SJ Semiconductor, a Chinese advanced packaging specialist, has launched a $1.5 billion project to produce 3D integrated circuits (3DICs) for AI chips. The news, reported by Sina, marks another step in China’s production capacity expansion in a critical segment of AI hardware, set against a backdrop of export restrictions and soaring demand for powerful, efficient computing.

3D packaging is an evolutionary necessity to push chip performance beyond planar miniaturization limits. Instead of laying transistors on a single plane, multiple silicon layers are stacked and connected vertically with high-density interconnects. This approach shortens signal paths, reducing latency and energy consumption, and allows components made with different manufacturing processes (logic, memory, I/O) to be combined in a single package. For chips handling inference and training of Large Language Models, the benefits are tangible: higher memory bandwidth, better thermal efficiency, and ultimately more compute per watt.

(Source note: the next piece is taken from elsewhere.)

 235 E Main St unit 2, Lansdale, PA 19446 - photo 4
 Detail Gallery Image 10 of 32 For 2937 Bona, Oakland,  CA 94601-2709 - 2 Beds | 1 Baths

From an AI-RADAR perspective, the SJ Semiconductor news touches several core concerns for those designing on-premise AI infrastructure. More efficient chips enabled by advanced packaging aren’t just a benchmark story—they directly impact Total Cost of Ownership. An accelerator that consumes less power or integrates more memory on-package can make self-hosted deployments more sustainable, reducing operational costs for energy and cooling, and curbing architectural complexity (for instance, lowering the need to shard models across multiple GPUs to satisfy VRAM requirements). In air-gapped environments or those with strict data residency mandates where the cloud is off the table, every hardware improvement that lowers the barrier—in space, power, and expense—broadens the scope of what can be run locally.

The geopolitical context is also worth considering. China is pouring investment into its semiconductor supply chain to reduce reliance on foreign technologies, especially after U.S. restrictions on GPU exports and advanced manufacturing tools. Projects like SJ Semiconductor’s aim to fill both upstream and downstream gaps, from packaging to final assembly, and may over time influence global component pricing and availability. For European organizations procuring LLM hardware, a diversified supply chain—not solely dependent on Taiwanese foundries or U.S. fabs—introduces a resilience factor, even if the concrete effect is hard to quantify today.

The 3D packaging race is not China’s alone: companies such as TSMC, Intel, and Samsung already field mature solutions (CoWoS, Foveros, X-Cube) and are likewise expanding capacity to meet AI chip demand. SJ Semiconductor’s initiative suggests that the market is far from saturated and that advanced packaging supply will remain a bottleneck until production capacity grows significantly. For procurement planners, this means lead times and pricing will stay volatile—a factor to weigh when scaling on-premise infrastructure.

Ultimately, the $1.5 billion investment from SJ Semiconductor reads as a signal of acceleration along the entire AI hardware supply chain, with consequences reaching all the way to the architectural choices of those who run models in-house. While software and frameworks continue to evolve, the physical substrate—increasingly three-dimensional—remains the playing field for the contest of cost, sovereignty, and performance.